Nach Anlage U kein Nachteilsausgleich

    This site uses cookies. By continuing to browse this site, you are agreeing to our Cookie Policy.

    • Nach Anlage U kein Nachteilsausgleich

      Ihr Lieben,
      ich hoffe, das gibt es nicht schon irgendwo, ich habe jedenfalls trotz intensiven Suchens keine gleichwertige Situation gefunden, wie die meinige.
      Vorgeschichte: Trennung 2011, seitdem Trennungsunterhalt. Noch nicht geschieden. Erstmalig Aufforderung zur Anlage U im April d. J. von meinem Noch-Gatten. Dann gleich für die Jahre 2013 und 2014.

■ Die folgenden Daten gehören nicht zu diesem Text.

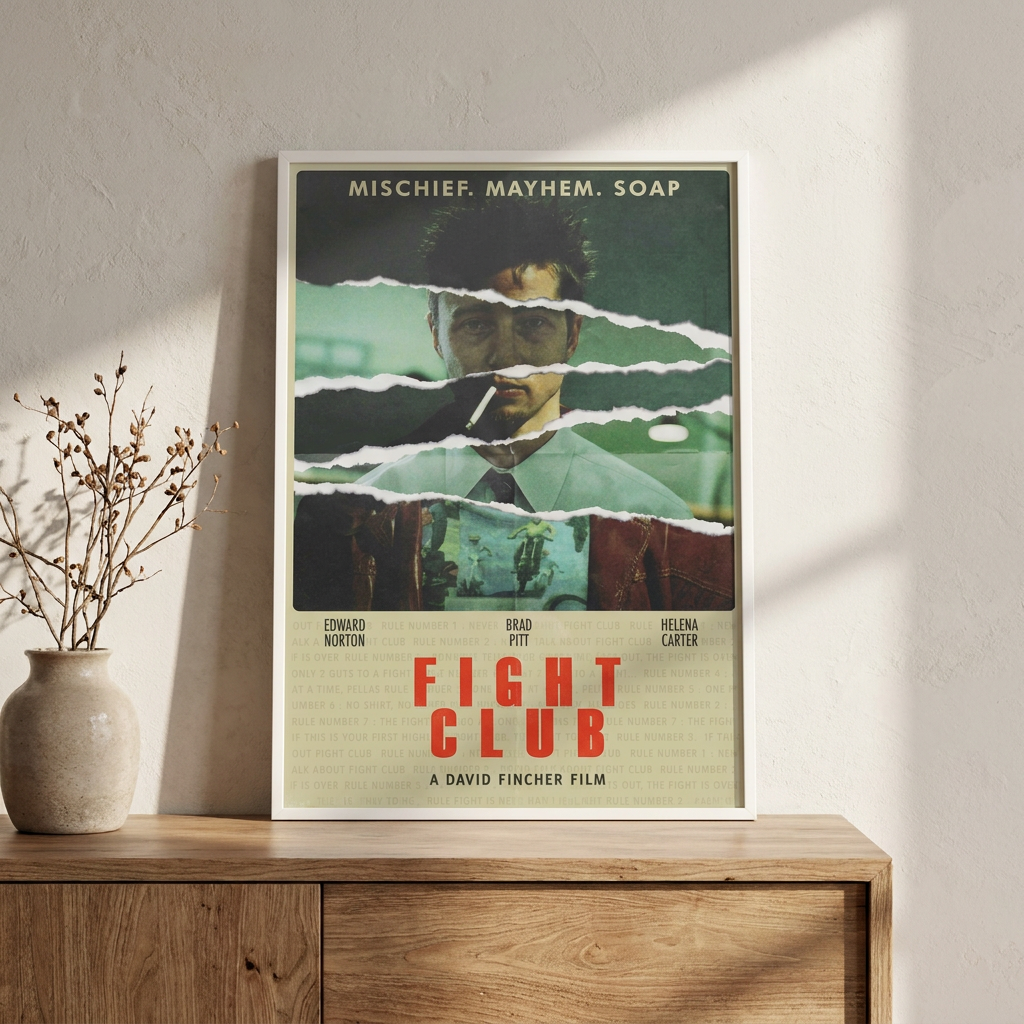 Fight Club Movie 001 Poster framed on a wall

      Nun sind vor 3 Wochen die berichtigten Steuerbescheide an mich gekommen mit einer Nachzahlung für die Jahre 2013-2015 (komischerweise habe ich aber nur für 2013 und 2014 eine Anlage U unterschrieben). Die Höhe ist beängstigend und liegt bei ca. 10.000 Euro. So viel Geld habe ich nicht. Also Noch-Gatten zur Zahlung des Nachteilsausgleichs aufgefordert. Frist ist verstrichen, kein Geld gekommen. Meine RÄ meint, jetzt muss es über sie laufen. Nun habe ich Angst. Was ist mit den RA-Kosten die jetzt dadurch entstehen werden?

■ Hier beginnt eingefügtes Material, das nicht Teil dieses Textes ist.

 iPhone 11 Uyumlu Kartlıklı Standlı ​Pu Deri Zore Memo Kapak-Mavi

      Außerdem lässt sich das FA nicht auf Stundung oder Ratenzahlung ein und in 2 Wochen ist die Zahlungsfrist verstrichen. Mein Ex (Noch-Gatte) zahlt nichts und meldet sich auch nicht. Was kann ich jetzt tun und hat jemand evtl. schon einmal Nachteilsausgleich vor Gericht erstritten und kann mir sagen, ob ich auf den Anwaltskosten sitzen bleibe???? ;(
    • Moin,

      anhand der ursprünglichen und auch der später geänderten Steuerbescheide lässt sich der steuerliche Nachteil perfekt nachweisen. Zahlt der Unterhaltspflichtige nach wirksamer Aufforderung (incl. Vorlage der entsprechenden Steuerbescheide) nicht, kann das gerichtliche Verfahren eingeleitet werden, wobei Anwaltszwang besteht. Die gesamten Kosten werden dem Unterhaltspflichtigen auferlegt, falls er den Ausgleich der Nachteile außergerichtlich vollständig verweigert hat.

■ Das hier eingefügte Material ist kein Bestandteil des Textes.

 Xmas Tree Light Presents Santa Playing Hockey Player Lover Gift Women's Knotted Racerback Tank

      Die Zustimmung zum begrenzten Realsplitting in Form der Anlage U ist bis auf Widerruf gültig, sie kann nur für das Folgejahr widerrufen werden (siehe Formular). Momentan also erst ab 2017.
    • Lieber Clint,

      das beruhigt mich schon mal ein wenig. Dann muss ich jetzt nur noch die letzte Frist abwarten (in der habe ich bereits schrifltich damit gedroht, das Ganze einem Anwalt zu übergeben). Dann muss ich wohl doch wieder meine RÄ bemühen. Ach, es könnte so einfach sein.

      Am 30.08. ist voraussichtlicher Scheidungstermin. Kann das ein Grund sein, weshalb ich die Scheidung noch rauszögere? Oder hat das eine mit dem anderen nix zu tun?